I SENTIERI DELLA MEMORIA: Palazzo Aragonese in "Racconti di Carta"
Luigi De Luca 10 Aprile 2022«Un viaggio nel proprio territorio come era cento, cinquecento o duemila anni fa, per andarsene in giro per strade, piazze, campi; incontrare, fare amicizia, lavorare, giocare con i coetanei di allora; assistere allo spaventoso spettacolo dell’eruzione del Vesuvio del 79 d.C., partecipare ad un ballo nello splendido salone del cinquecentesco Palazzo aragonese o alla caccia del falcone nel bosco retrostante, far parte dell’esercito rivoluzionario sotto la guida di Morelli e Silvati nei moti napoletani del 1820-21; essere attori di un processo di crescita e formazione dall’infanzia all’adolescenza, all’età adulta». (p. g. s.)
“Palazzo Aragonese” di Giacomo Battipaglia (da un’idea di Francesco Iervolino) è il secondo racconto della collana “Racconti di Carta” edito da Michelangelo 1915. La storia di oggi si intreccia tra le radici di una pianta d’ulivo (Giulivo) le cui chiome frondose raccontano memorie ad un giovane fanciullo pieno di curiosità per un tempo mai vissuto.
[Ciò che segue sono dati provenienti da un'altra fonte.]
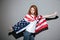 Amazing redhead young lady superhero with USA flag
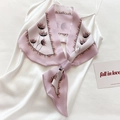 Detalle de un pañuelo de seda 100% con estampado floral morado atado a un vestido satinado - Estampado de diente de león / Rosa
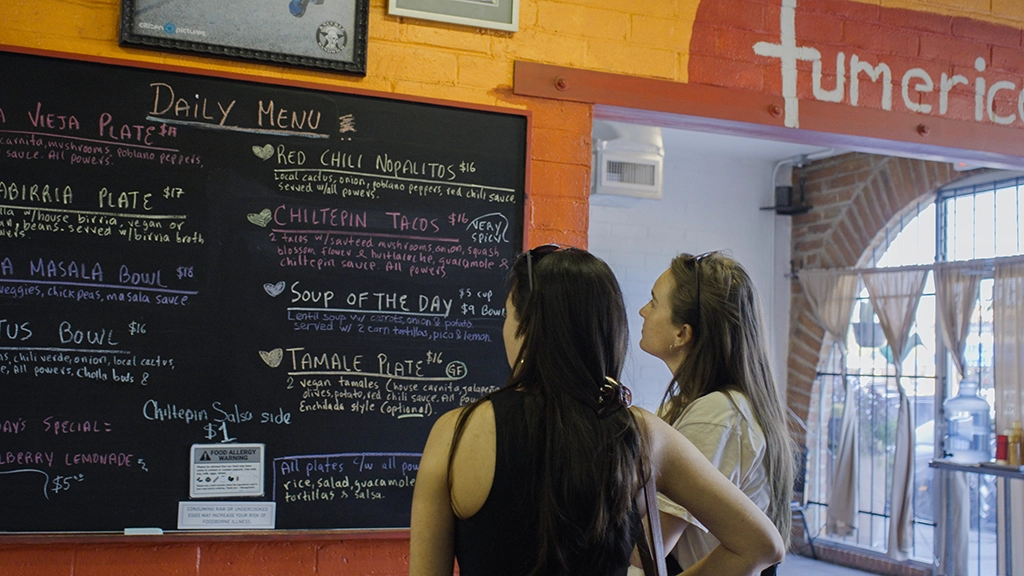 Zwei Frauen lesen die Menütafel im vegetarischen Restaurant Tumerico in Tucson.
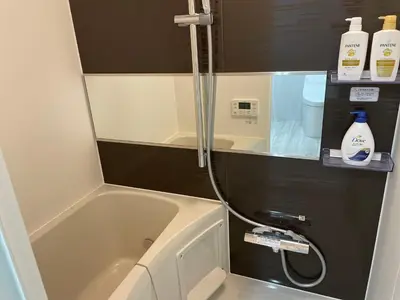 a bathroom with a tub and a shower with a hose at COMMA HOUSE Otsuka 203 in Tokyo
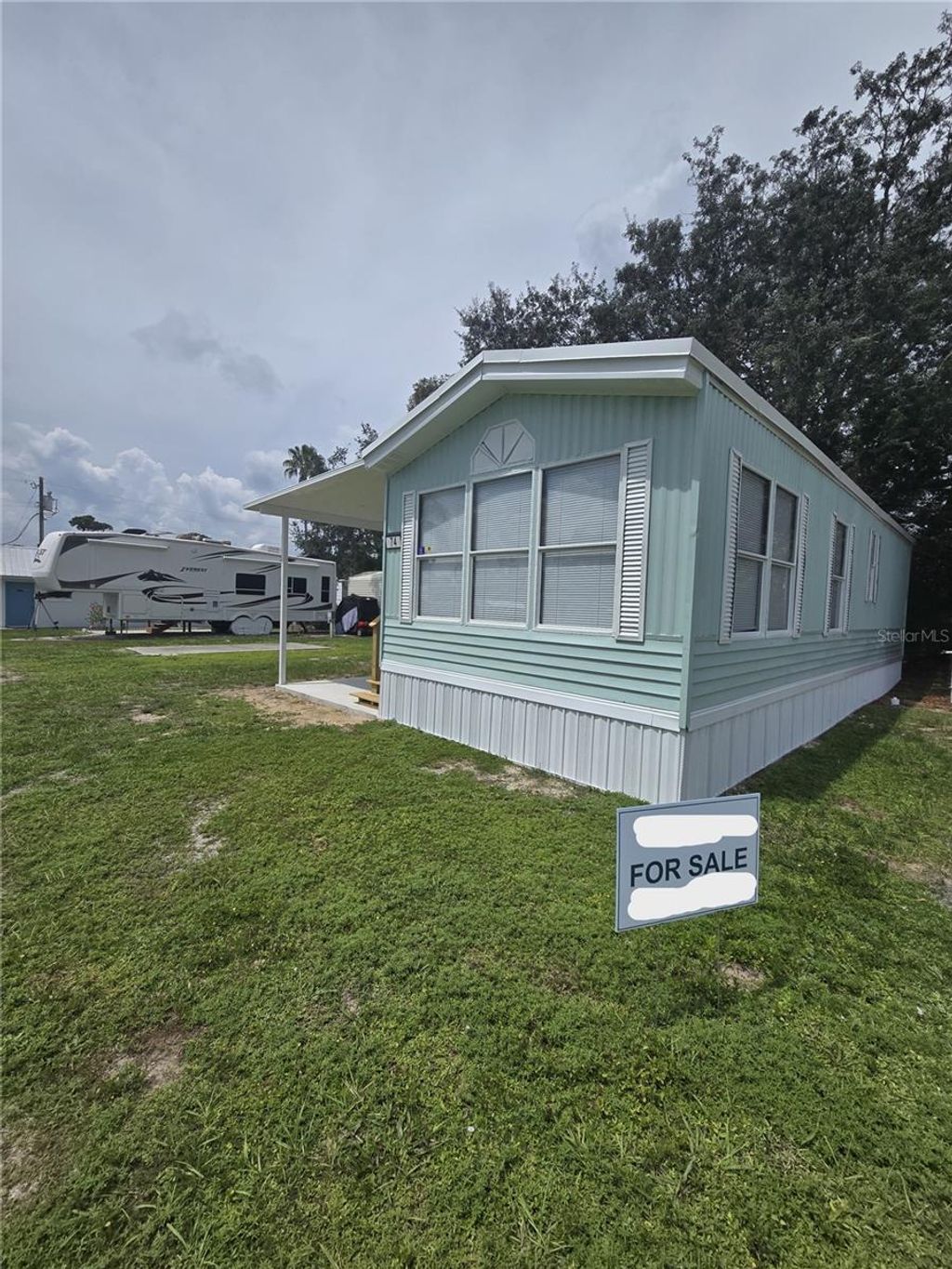 Photo of 4105 Us Highway 27 S #Lot 74, Sebring, FL 33870 (MLS # O6355688)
«Ti chiedo solo una cortesia – raccomanda Giulivo – non farmi ancora domande, aspetta prima quello che ho da dirti».
«Ti chiedo solo una cortesia – raccomanda Giulivo – non farmi ancora domande, aspetta prima quello che ho da dirti».
Accade così che il Palazzo Aragonese, distante circa cinquanta miglia da Napoli, attraversa «passaggi di consegna» che vedono i nomi di importanti dinastie del territorio: gli Aragonesi, gli Orsini, i Della Tolfa, i Pignatelli, Spinelli, Passaro, Bologna, Caracciolo, Saluzzo e infine i baroni Compagna. Accade ancora una volta che ci si ritrovi a fare un giro a Palazzo nel 1600 «di fronte all’ingresso padronale, che ha ai suoi lati due torri che con la loro maestosa imponenza si affaccia sulle campagne circostanti, dominandole». Oppure ci si ritrova a sorvolare sui boschi circostanti con l’aquila reale o con il girifalco, il falcone gentile, lo smeriglio e il falco lanario per rivivere insieme al “popolo” quella che, già prima della caduta dell’Impero Romano, era conosciuta come “caccia col falcone”. E la narrazione continua tra la cronologia dei signori di Palma, la sua popolazione e il famoso aneddoto degli otto medaglioni del Palazzo Aragonese la cui vicenda fu «la molla che fece scattare l’interesse delle istituzioni riguardo alle bellezze artistiche custodite nel Palazzo, assumendo un’importanza di carattere nazionale». Un’ultima scena, infine, ci avvia alla conclusione facendoci salire - «una grande scala, un corridoio ampio, infine una sala enorme impreziosita da tendaggi dorati che scendevano dalle finestre come ali di angeli» per raccontarci ancora di storie e di amori che nascono tra sguardi d’intesa, calici alzati e commedie teatrali. E con le mani ferme sui fianchi, eccoci a guidare un «ballo sontuoso» che, seppur alla dovuta distanza, dona quel fascino che cancella qualsiasi imbarazzo e riporta anche noi alle tante fantasticherie personali dove siamo tutti, per un po', la contessina Isabella o il fratello Nicola mentre «con un senso di contentezza nel cuore, ma anche di stanchezza nelle membra» ritorniamo dolcemente – ognuno – vero il proprio palazzo.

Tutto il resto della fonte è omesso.